We have defined functions regarding softmax function. Let's prepare the dataset.

In [21]:
from sklearn import datasets
from sklearn.model_selection import train_test_split

iris = datasets.load_iris()

X = iris["data"][:, (2, 3)] # petal length, petal width
y = iris["target"]

X_with_bias = np.c_[np.ones(len(X)), X]

X_train, X_test, y_train, y_test = train_test_split(X_with_bias, y, test_size=0.2, random_state=42)

Now lets write down the code for Batch Gradient Descent.

In [22]:
import numpy as np
from sklearn.metrics import accuracy_score

eta = 0.1
n_iterations = 5001
m = len(X_train) # size of training set
class_count = 3

# parameter matrix. rows represent individual classes. columns represent features. given cell represents specified feature value for given class. ??? I guess that it can be randomly initialized at start. Batch Gradient will do its work ???
theta = np.random.rand(class_count, len(X_train[0]))
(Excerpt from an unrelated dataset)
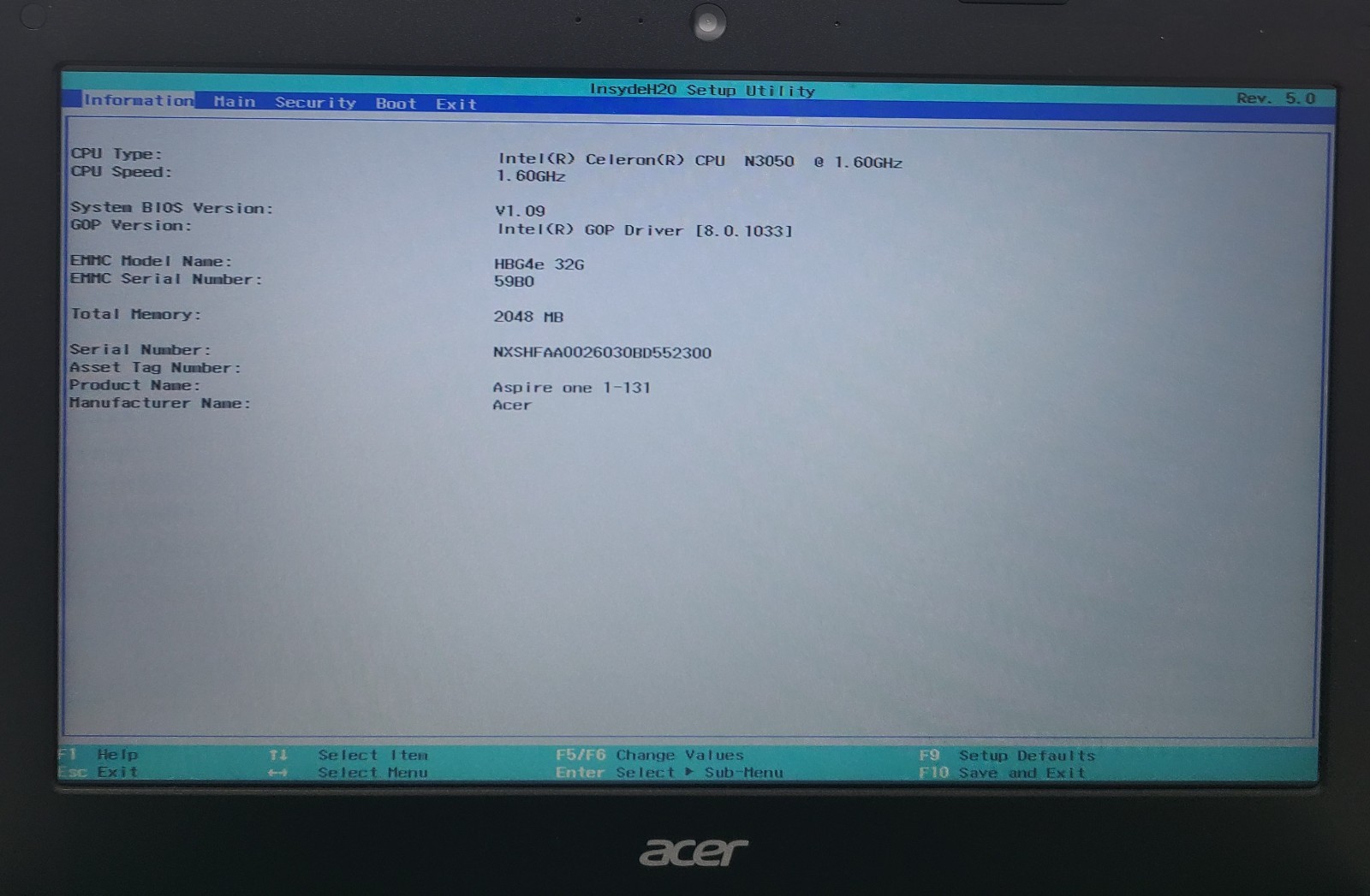 Acer Aspire One Cloudbook 11 Laptop Intel Celeron N3050 2GB 32GB eMMC NO OS (FL)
# input_vectors matrix. rows represent individual train entity. columns represent features. given cell represents specified feature value for given train entity.
input_vectors = X_train
# NUMBER OF COLUMNS IN theta IS EQUAL TO NUMBER OF COLUMNS IN input_vectors

# target probabilities. rows represent individual train entity. columns represent class. given cell represents specified class probability for given train entity.
target_probabilities = np.zeros((m, class_count))
for i in range(m):
  target_probabilities[i][y_train[i]] = 1

for iteration in range(n_iterations):
  gradients = np.array(cross_entropy_gradient(theta, input_vectors, class_count, target_probabilities))
  theta = theta - eta * gradients

# Lets test the accuracy on train set
y_pred = np.zeros(y_train.shape)

for i in range(m):
  softmax_scores = softmax(input_vectors[i], theta)
  y_pred[i] = np.argmax(softmax_scores)

print(accuracy_score(y_train, y_pred))



0.9583333333333334


Doesn't seem to learn so well. Will inspect it later.

Found one problem. I forgot to use the exponential function in softmax calculation. It boosted performance from 50% to 75% on train accuracy.
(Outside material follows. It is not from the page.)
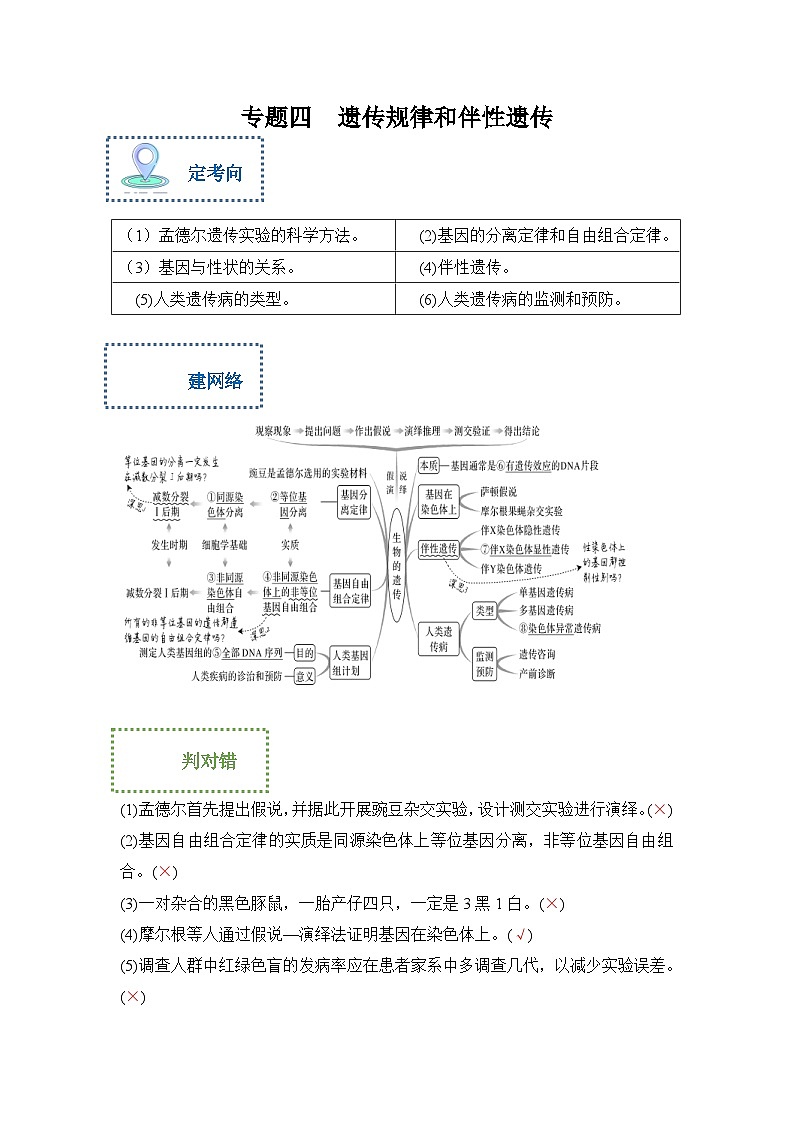新高考生物二轮复习综合提升训练专题四 遗传规律和伴性遗传（含解析）01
Second problem may be the lack of bias term. Every element in input_vectors has to have value 1 as it's first element. Lets fix it.

BINGO !!! 95% accuracy on train set. Now we can say that the model learned something.
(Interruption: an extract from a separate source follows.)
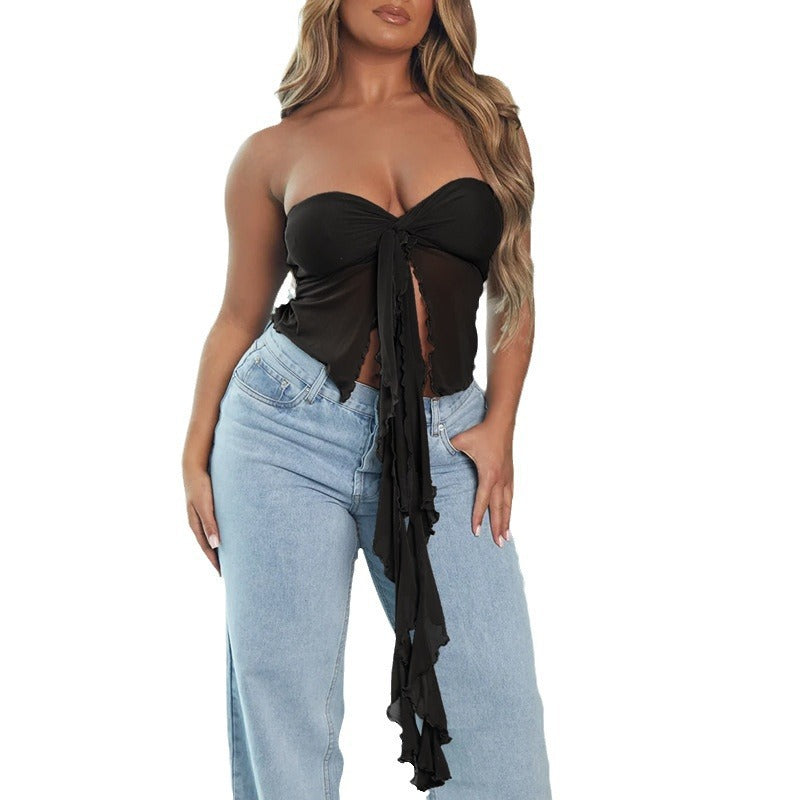 New Short Wave Ribbon Tube Top Cardigan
Lets test its performance on test dataset.

In [23]:
y_test_pred = np.zeros(y_test.shape)

n = len(X_test)
for i in range(n):
  softmax_scores = softmax(X_test[i], theta)
  y_test_pred[i] = np.argmax(softmax_scores)

print(accuracy_score(y_test, y_test_pred))

1.0


Perfect accuracy on the test set. This may be due to how small the dataset is.